After an unrelenting rally that kicked off near the end of August, gold had strayed well into overbought territory, setting a new spot price record of $4,381.98 per ounce on Monday. Technical selling kicked in, as big players looked to take profit from the latest leg of the bull run, plunging gold down to $4,067.70 at its worst.

The 7% fall was dramatic, and almost certainly resulted in some panic selling as people saw the price falling so quickly. Gold has settled down for now however, and recovered to $4,140.70 at the time of writing. $4,100 will remain a support point for now, and $4,000 a likely key psychological threshold. If gold slipped below that level, some further selling pressure could come.
Silver suffered even more than gold however following its recent rally that saw it set a new all-time high of $55.51. The technical selling pressure seen in gold was worsened by reports of a delivery of nearly 1,000 tons of silver from the US and China to London. Most of silver’s gains in the past two weeks were driven by a supply shortage in the London market, and with that pressure alleviated, silver started to sell quickly.
Silver dropped as low as $48.06 yesterday, a drop of almost 10%. Like gold however, it has recovered somewhat in trading today, reaching $49.24 at the time of writing. $50 was always a dangerous level for silver, one in which it had sold off in 1980 and 2011. Consolidating for a period around $50 would be very healthy for silver, which could face more selling pressure.
While the correction for both metals was certainly dramatic, taken in the longer-term context they do not spell disaster. Gold remains up 11% in the past month alone, and 58% so far in 2025. Silver is also 69% up so far this year, a very strong performance for both.

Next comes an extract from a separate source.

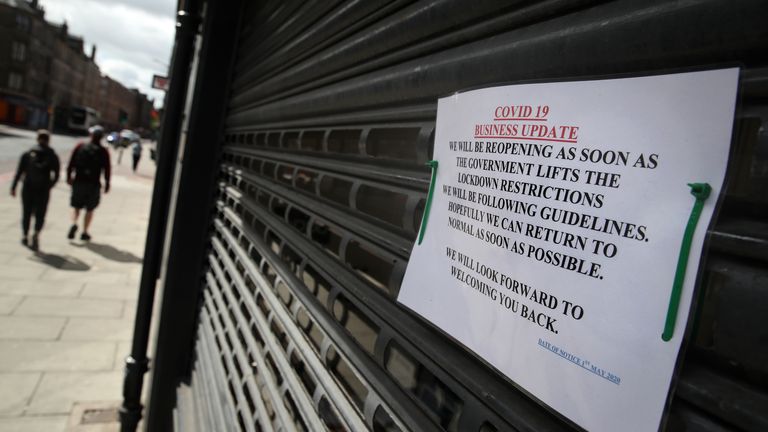 A sign on the shutters of a business premises in Edinburgh as the UK continues in lockdown to help curb the spread of the coronavirus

Markets remain confident that the Fed will ease US rates further next week, with a 25 basis point cut currently given a 98.9% chance on the CME FedWatch tool. Central banks remain buyers of gold, the US government remains in shutdown, and global debt continues to rise.
Fresh momentum may be needed to get gold and silver rising again, but long-term they both remain well supported, even after yesterday's rout.